#### [What is being asked]
Starting at the line that contains "Real shot 2019" and stopping after the line that contains "Freya Navy Sequin", transcribe the listing below exactly; do not include any pictures.

#### [The data]
===

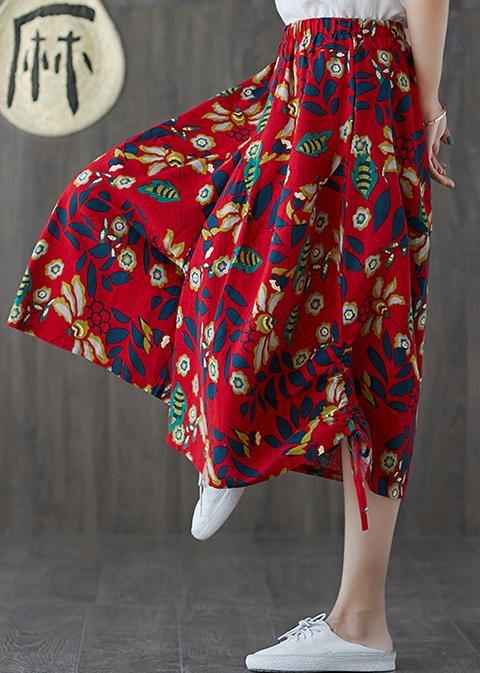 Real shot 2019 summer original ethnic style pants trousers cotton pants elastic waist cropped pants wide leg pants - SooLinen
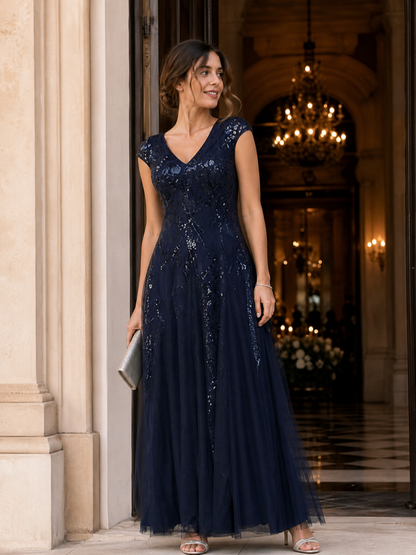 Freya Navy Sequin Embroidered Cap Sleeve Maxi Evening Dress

===

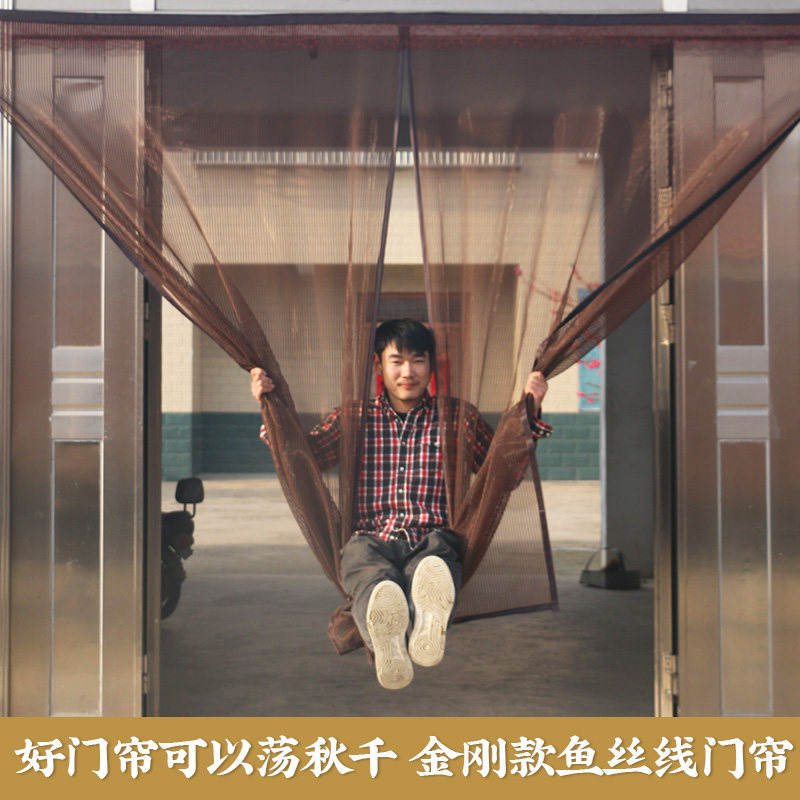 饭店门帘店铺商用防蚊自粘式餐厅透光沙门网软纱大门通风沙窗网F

===

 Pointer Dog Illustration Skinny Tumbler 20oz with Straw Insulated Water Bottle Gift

===

#### [Task answer]
 Real shot 2019 summer original ethnic style pants trousers cotton pants elastic waist cropped pants wide leg pants - SooLinen
 Freya Navy Sequin Embroidered Cap Sleeve Maxi Evening Dress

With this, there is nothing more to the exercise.